The industry has therefore being considering ways in which other biomasses can be incorporated into both gasoline and diesel.

Components for diesel fuel can be prepared in various ways but the major diesel components are manufactured using a hydrotreating/isomerisation process where a mineral oil feed is treated with a Ni/Mo or Co/Mo type catalyst (i.e. a hydrogenation, hydrodeoxygenation and hydrodesuiphurisation step) before being subjected to isomerisation in the presence of a zeolite type catalyst. Such a process is well known and carried out industrially around the globe. The hydrotreating step f V involved is designed to remove contaminants such as oxygen, sulphur and nitrogen from the oil and also serves to hydrogenate certain compounds in the mineral oil, such as condensed ring aromatics, which are unacceptable in the final fuel. The isomerisation step causes the hydrocarbons to rearrange or crack so that as many hydrocarbon components as possible have a boiling point within the diesel fuel range (typically 221 to 360°C).

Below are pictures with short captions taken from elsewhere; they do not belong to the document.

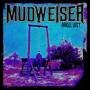 Mudweiser - Angel Lust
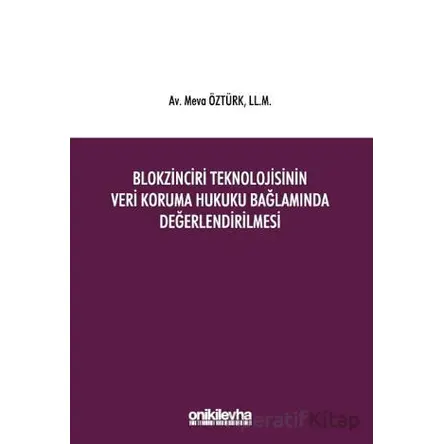 Blokzinciri Teknolojisinin Veri Koruma Hukuku Bağlamında Değerlendirilmesi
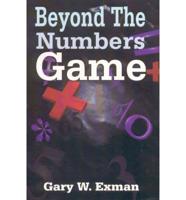 Beyond the Numbers Game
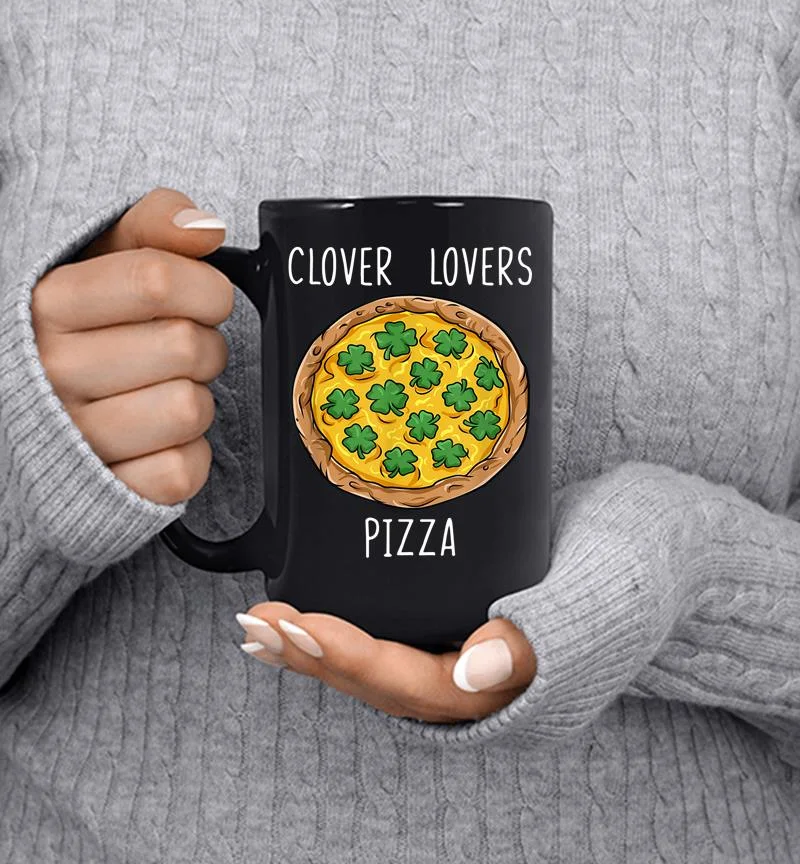 Clover Lovers Pizza St Patrick 039s Day Funny Boys Girls Kids Mug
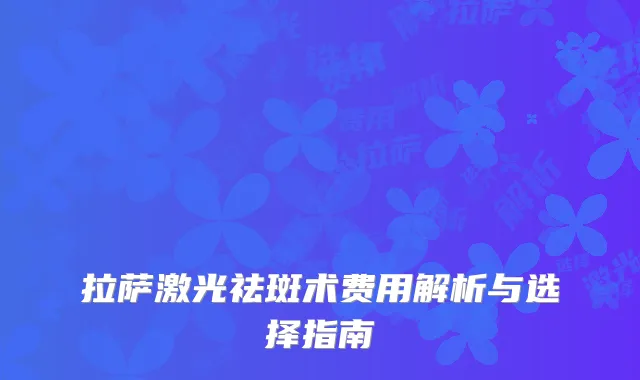 拉萨激光祛斑术费用解析与选择指南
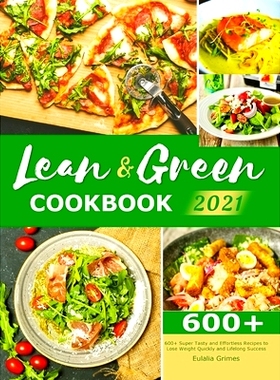 预订 Lean & Green Cookbook 2021: 600+ Super Tasty and Effortless Recipes to Lose Weight Quickly and Lifelong Success: 97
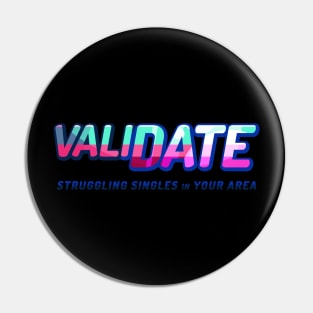 ValiDate Struggling Singles in your Area Pin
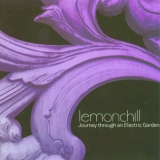 Lemonchill - Journey Through An Electric Garden '2009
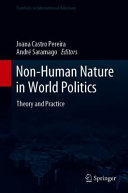 Non-human nature in world politics : theory and practice /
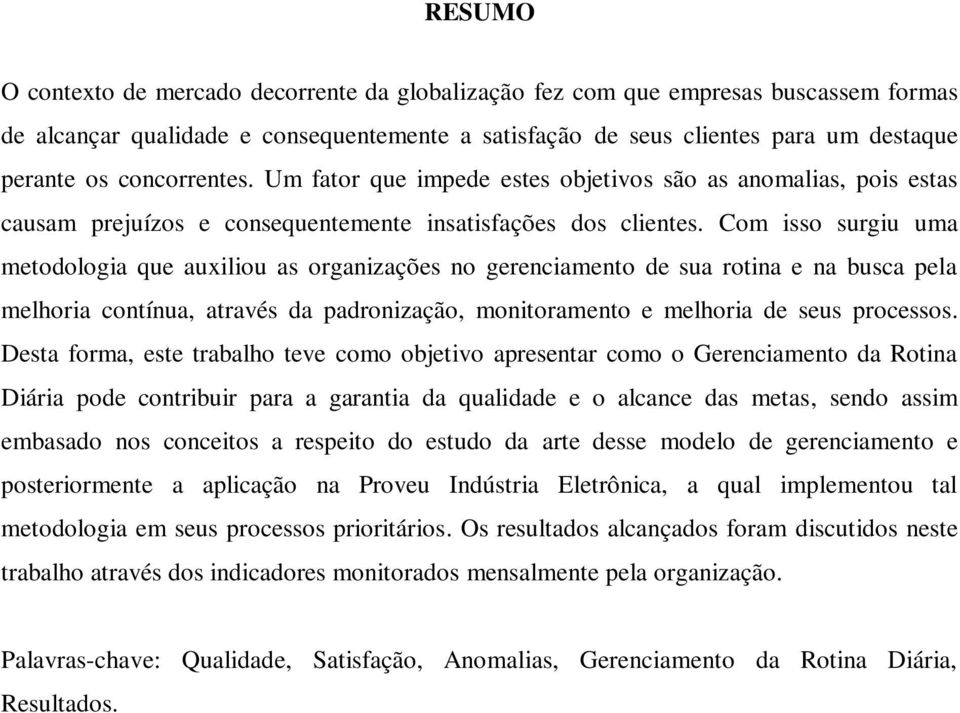 Com isso surgiu uma metodologia que auxiliou as organizações no gerenciamento de sua rotina e na busca pela melhoria contínua, através da padronização, monitoramento e melhoria de seus processos.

To introduce a biodiesel element into a diesel fuel, it is known to add to a conventional mineral oil a biomass component. Vegetable oils such as rape seed oils are currently the most common biomass added to biofuels. In US 2006/0186020 the hydroconversion of a mixture of vegetable oil and mineral oil is described to form a biodiesel material. A similar disclosure is made in W02004/022674. In must be remembered however that hydrotreating and isomerisation processes described in these and other state of the art documents were originally optimised to deal with mineral oil feeds alone. The catalysts used were not intended to be used in the presence of biomass and the conditions of reaction have been optimised for mineral oil treatment.

Currently, biofuels mostly contain methanol added after cracking or plant derived biomass but vegetable oils and the like are not the only sources of suitable biomass for cracking. Animal fats and fish oils are also capable of providing oils for biofuels. There are however, structural differences between vegetable oils and animals fats/fish oils, typically concerning the unsaturation of the carbon chains in the fat which makes their use potentially harder than plant biomass. Animal and fish oils tend to comprise more unsaturation which could affect cracking.

Of more significance still, animal and fish derived biomass contain higher levels of compounds which are poisons to catalysts used in the mild hydrocracking process. Marine oils may contain quite high levels of heavy metals. Some of these heavy metals are poisonous to the catalysts conventionally used in mild hydrocracking so the use of marine oils has not been exemplified in the art, potentially for this reason. The inventors have realised that mild hydrocracking units processing at least some heavy oil, i.e. atmospheric or vacuum resids already have most of these metals present in the feed to the unit. Such units are therefore already using catalysts which can inherently tolerate certain amounts of heavy metals. The inventors have further realized that when blending a marine oil, e.g. less than 50 %, more preferably less than 30 % marine oil, which inherently contains heavy metals, with a mineral oil feed which also contains such metals, the level of heavy metals in the blend will not change significantly. The present invention therefore has particular relevance in mild hydrocracking units processing at least some heavy oil, i.e. atmospheric or vacuum resid. The inventors have found a particular catalyst combination which works well for heavy oil/marine oil containing feeds.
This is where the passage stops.